From the first line to the last, repeat the data exactly but leave out the pictures.

__SUPPLIED INFORMATION__:
○ ○ ○
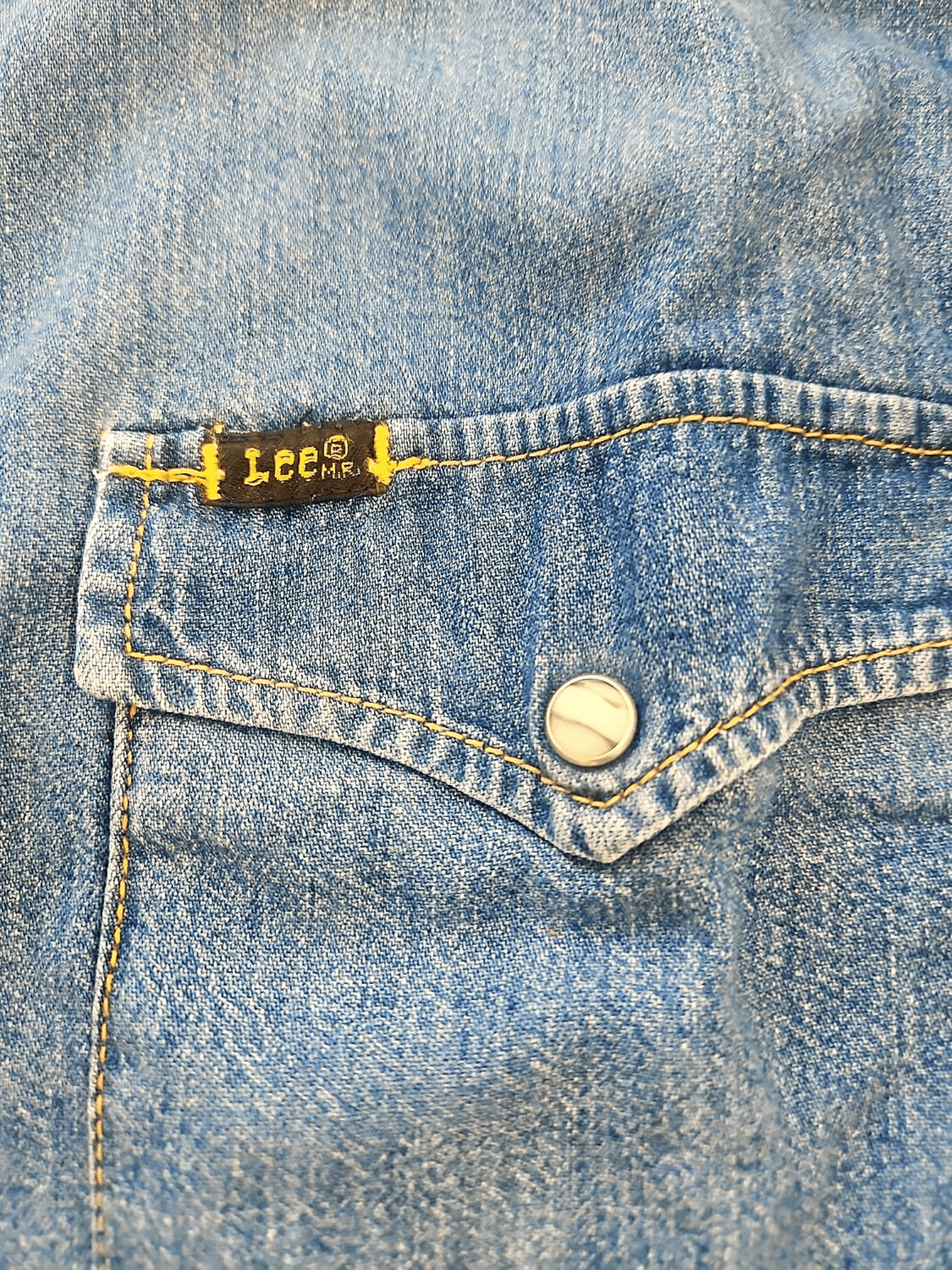 Lee Denim Button-Down Shirt - Size M 3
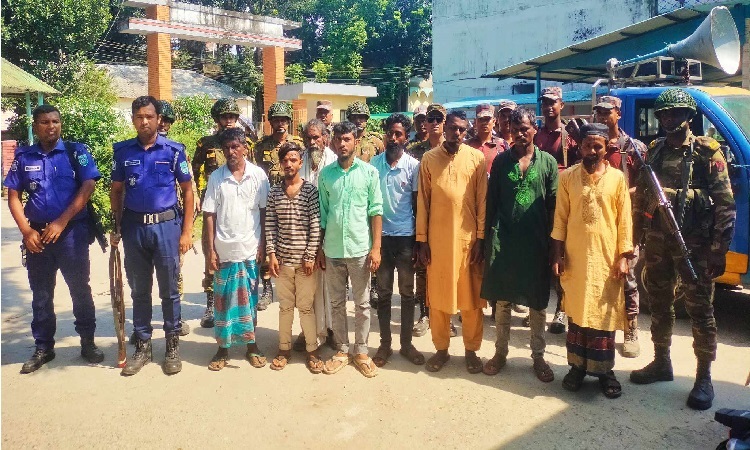 পঞ্চগড়ে বন্যার্তদের জন্য টাকা উত্তোলন নিয়ে প্রতারণা, আটক ৮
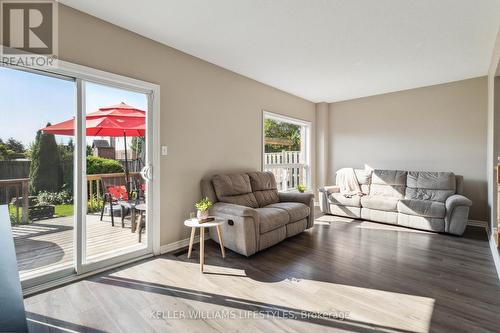 3246 Paulpeel Avenue, London, ON - Indoor Photo Showing Living Room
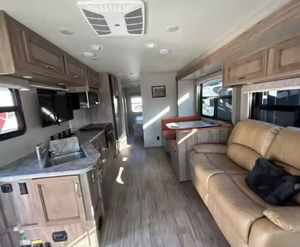 Autocaravana Coach V-i-s-i-o-n 31V 2019 2020, Remolque de Viaje Ajustable para 4-6 Personas, Una Habitación, Refrigerador, Cocina - Product Image 3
○ ○ ○
__ANSWER SECTION__:
 Lee Denim Button-Down Shirt - Size M 3
 পঞ্চগড়ে বন্যার্তদের জন্য টাকা উত্তোলন নিয়ে প্রতারণা, আটক ৮
 3246 Paulpeel Avenue, London, ON - Indoor Photo Showing Living Room
 Autocaravana Coach V-i-s-i-o-n 31V 2019 2020, Remolque de Viaje Ajustable para 4-6 Personas, Una Habitación, Refrigerador, Cocina - Product Image 3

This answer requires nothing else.